■ RECORDED DATA:
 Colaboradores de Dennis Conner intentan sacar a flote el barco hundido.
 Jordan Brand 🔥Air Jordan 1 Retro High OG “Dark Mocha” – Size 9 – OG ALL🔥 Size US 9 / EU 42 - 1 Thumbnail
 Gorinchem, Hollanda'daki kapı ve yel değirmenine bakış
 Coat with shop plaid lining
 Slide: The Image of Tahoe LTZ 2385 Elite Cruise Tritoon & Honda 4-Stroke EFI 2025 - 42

...

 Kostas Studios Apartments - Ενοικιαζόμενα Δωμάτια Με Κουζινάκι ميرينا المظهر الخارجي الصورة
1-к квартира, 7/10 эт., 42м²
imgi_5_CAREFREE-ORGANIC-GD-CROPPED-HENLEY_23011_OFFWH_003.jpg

---

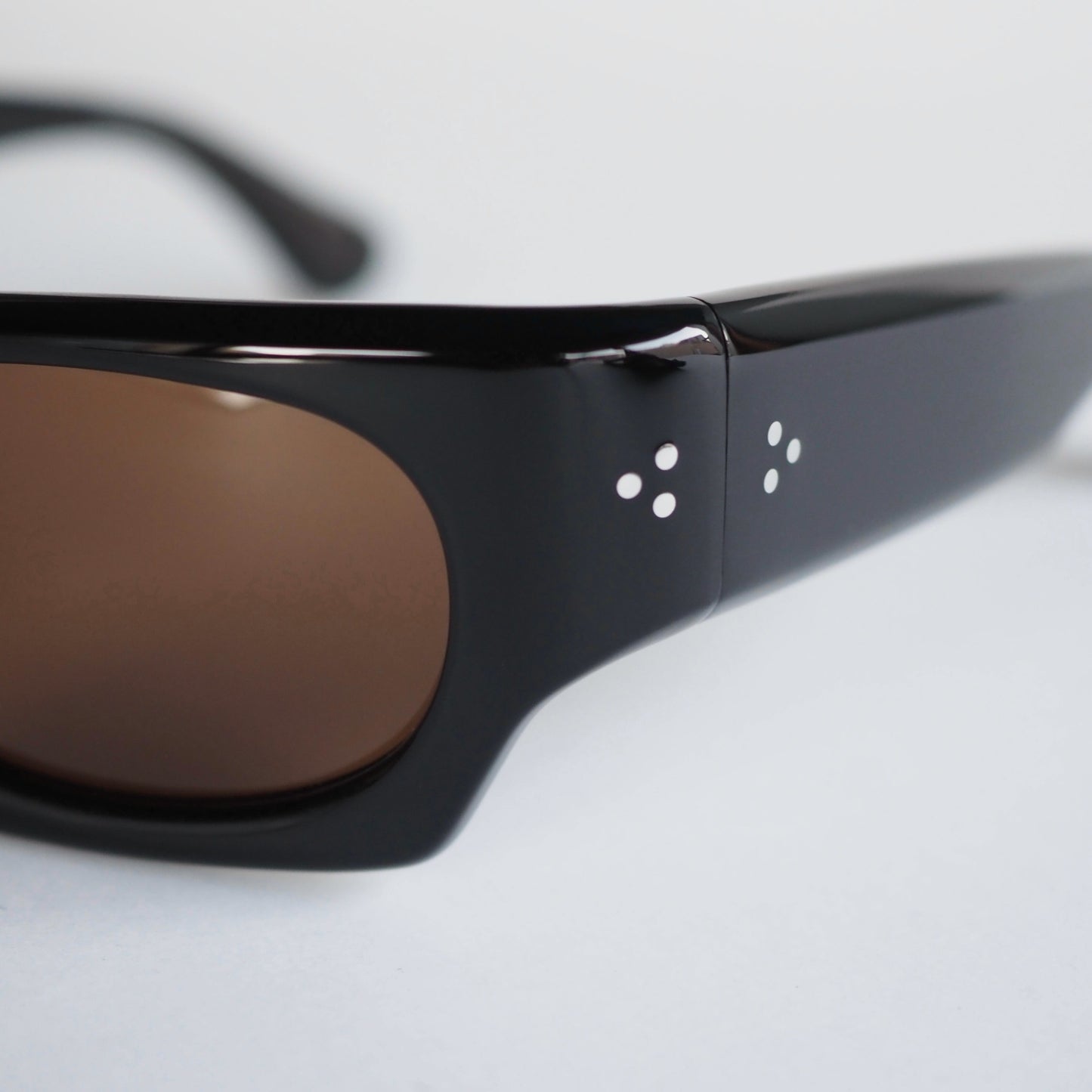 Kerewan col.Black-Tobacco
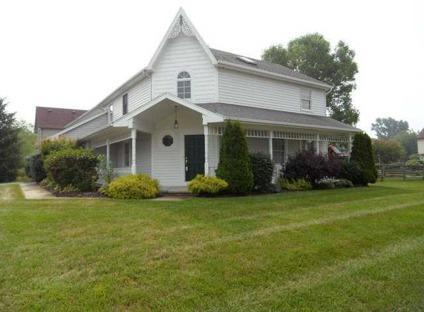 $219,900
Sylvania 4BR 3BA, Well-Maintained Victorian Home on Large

■ WHAT TO PRODUCE:
With the first line being the one containing "Colaboradores de Dennis" and the last line the one containing "Slide: The Image", transcribe exactly the lines above that fall in that range.

■ ANSWER SPACE:
 Colaboradores de Dennis Conner intentan sacar a flote el barco hundido.
 Jordan Brand 🔥Air Jordan 1 Retro High OG “Dark Mocha” – Size 9 – OG ALL🔥 Size US 9 / EU 42 - 1 Thumbnail
 Gorinchem, Hollanda'daki kapı ve yel değirmenine bakış
 Coat with shop plaid lining
 Slide: The Image of Tahoe LTZ 2385 Elite Cruise Tritoon & Honda 4-Stroke EFI 2025 - 42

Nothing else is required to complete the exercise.